Adobe manşet ve resim seçme sürecini otomatize eden bir araç geliştirdi. Aracın yapay zekası veriyi topluyor ve içeriği farklı kitleler için kişiselleştirmeyi öğreniyor. Bu içeriğin hedeflemesini geliştirecek mi dersiniz?
İçerik pazarlamacıları için kişiselleştirme
Süper rekabetçi içerik pazarlaması çevresinde kişiselleştirme daha da büyük bir rol oynuyor. Kimse herkes için bir şey yazamaz. Hedef kitlenizi daha iyi tanıdıkça ve elinizdeki veriyi daha iyi kullanmaya başladıkça, kitlenizin dikkatini çekmeye devam etme şansınız da artacaktır.
Spesifik müşteri gruplarını hedefleyen pazarlama kampanyaları, genel kitleye hitap eden kampanyalardan 2 kat daha fazla dönüşle sonuçlanabiliyor. Braze.com’a göre pazarlamacıların %53’ü kampanyalarını kişiselleştirdikten sonra işlerinde %10’luk bir artış olduğunu belirtiyor.
Öte yandan pazarlama yaratıcılarının %83’ü içerik kişiselleştirmesinin en büyük zorlukları olduğunu düşünüyor. İşletmelerin %60’ı sürekli içerik üretmekte zorlanırken, %65’i dikkat çeken içerik üretmeyi zorlayıcı buluyor.
Kişiselleştirilmiş İçeriği Desteklemek için Yapay zeka
Yapay zeka bu zorlukları aşmaya yardım edebilir mi?
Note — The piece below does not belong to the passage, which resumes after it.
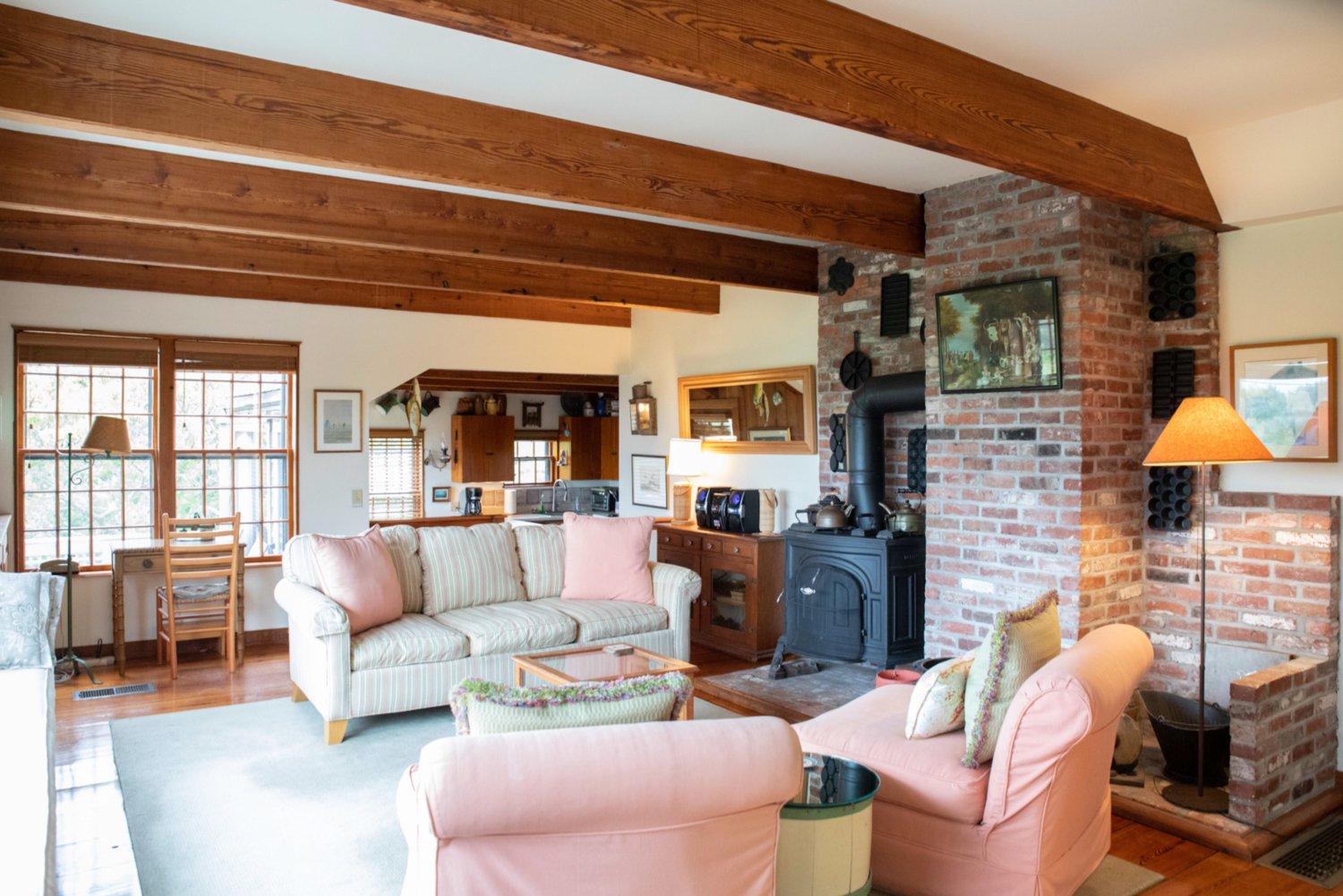 The open floor plan on the ground floor of the main house has water views and is accented by a wood stove.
Adobe öğrenmeye çalışıyor. Blog içeriklerini her ziyaretçi için otomatik olarak kişiselleştiren bir araç geliştirdiler. Adobe Sensei -yapay zeka teknolojileri- kullanılarak kullanıcıların ihtiyaçlarına ve ilgilerine göre farklı başlıklar, tanıtım yazıları ve resimler önerebiliyor.
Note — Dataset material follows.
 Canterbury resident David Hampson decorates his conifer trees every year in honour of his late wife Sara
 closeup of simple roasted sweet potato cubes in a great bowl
Yazarlar ve editörler hala Sensei’nin önerilerini düzenleyebiliyorlar ve yapay zekanın seçim yaparken kullandığı “düşünme” mekanizmasını görebiliyorlar. Açık olmak gerekirse yapay zeka içeriği değiştirmiyor. Sadece tanıtım yapılacak farklı yollar sunuyor.
Yapay zekanın kullanıcıya özel kişiselleştirilmiş içerik sunması yeni bir şey değil. Adobe’nin fikri bunu bir adım ileriye taşımak. Sensei bir editörün normalde vereceği tarzda kararlar veriyor. (Başlıkta ne gözükeceğine dair son karara sahip olmasa da.) Yapay zekanın doğru içeriği bulabilmesi okuyucunun içerik üreticisine ne kadar veri sağladığına da bağlı olabilir. Eğer okuyucular içeriğin bu şekilde kişiselleştirilmesinin faydasını görürlerse -kişiselleştirilmiş reklamlarda olduğu gibi- daha fazla bilgi paylaşmaya istekli olabilirler.
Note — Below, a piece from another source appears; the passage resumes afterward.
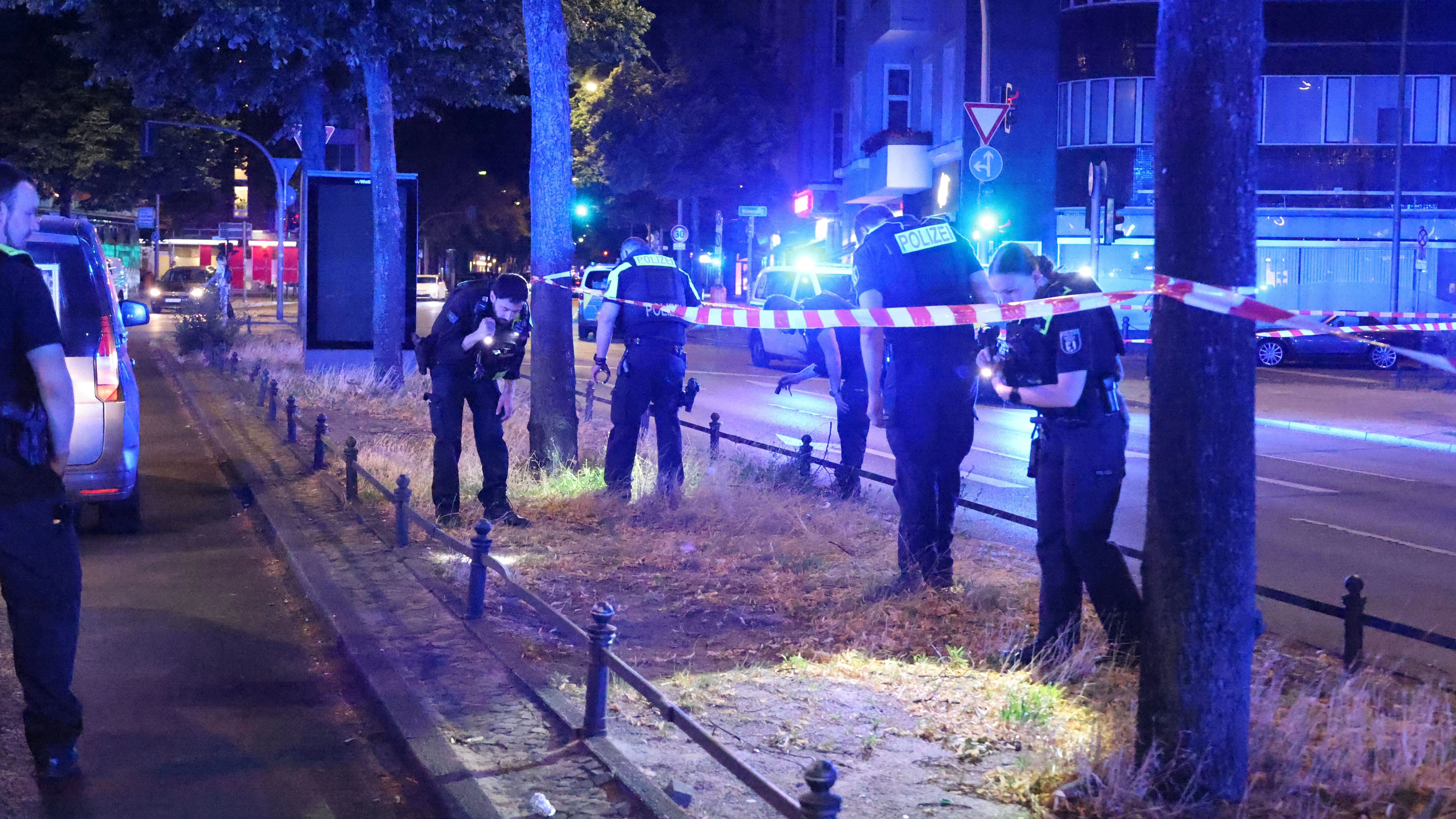 Polizisten untrersuchen deon Ort am Olivaer Platz, wo die angeschossene Person gefunden wurde.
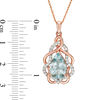 Thumbnail Image 1 of Pear-Shaped Aquamarine and Lab-Created White Sapphire Free-Form Frame Pendant in 10K Rose Gold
İçerik Kişiselleştirilmesi
Online davranışlar ve alışkanlıklar üzerine olan çalışmalar gösteriyor ki küçük detaylar müşteriyi kazanmak yönünde büyük roller oynayabilir. Yani erken adapte olanlar daha fazla kazanabilirler.
**Ama konunun farklı bir yönü de var. Spesifik bir grubun hedeflenmesi insana özgü bir şekilde ve özgün olarak yapıldığında kişiselleştirme en iyi sonuçları verir. Sürecin arkasında empati olursa, bu sayede kurulması zor bağlar oluşabilir. Aslında hepimiz kendi dilimizi konuşan içerikler okumak isteriz.
- Bu otomatikleştirilebilir mi?
- Yemek blogundaki belirli bir fotoğraf ya da başlıkta belli kelimelerin kullanılması belli tip kullanıcıyı çeker mi?
- Sadece bu küçük detayların değiştirilmesi gerçekten içeriği daha çekici yapabilir mi?
Eğer başlık içerikle alakalı değilse, bu bir tıklama tuzağı olarak algılanabilir ve okuyucuları tüm yazıyı okumaya cesaretlendirmek yerine içerikten uzaklaştırabilir. Ve bu ister bir insan tarafından ister yapay zeka tarafından yazılmış olsun uzun vadede işlemez.
Şu an deneyimlediğimiz kullanıcının dikkatini çekmek için dönen tartışma da bu tartışmayı kazanmak için uygun araçlar aramak da gitgide yoğunlaşacak. Kişiselleştirme yapanlar ancak değiştirmek için çok fazla çaba sarf etmeyenler bu tartışmayı kazanmak için en iyi pozisyondalar.